*Requirement:* All of the listing should be output exactly, apart from the pictures.

*Supplied information:*
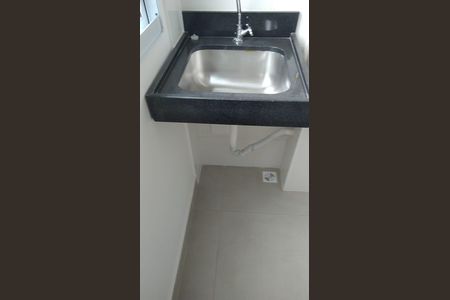 Área de serviço de apartamento para alugar com 2 quartos, 52m² em Vila Satúrnia, Campinas
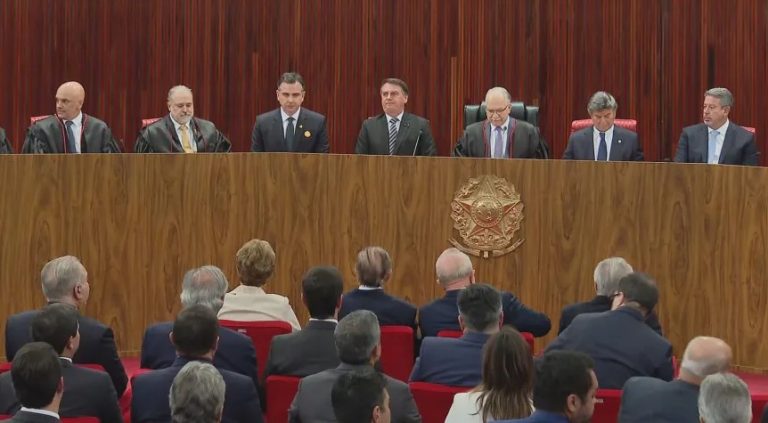 Lula e Dilma não aplaudem entrada de Bolsonaro em cerimônia posse de Moraes no TSE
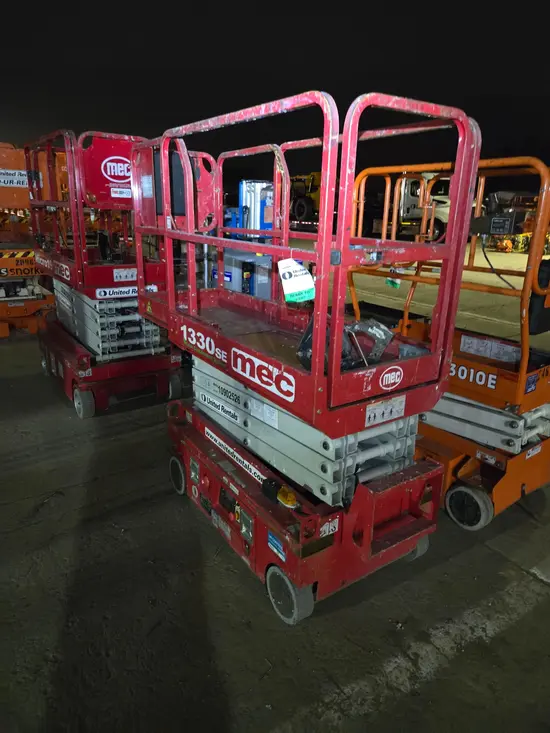 2019 MEC 1330SE Scissor Lift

*Response:*
 Área de serviço de apartamento para alugar com 2 quartos, 52m² em Vila Satúrnia, Campinas
 Lula e Dilma não aplaudem entrada de Bolsonaro em cerimônia posse de Moraes no TSE
 2019 MEC 1330SE Scissor Lift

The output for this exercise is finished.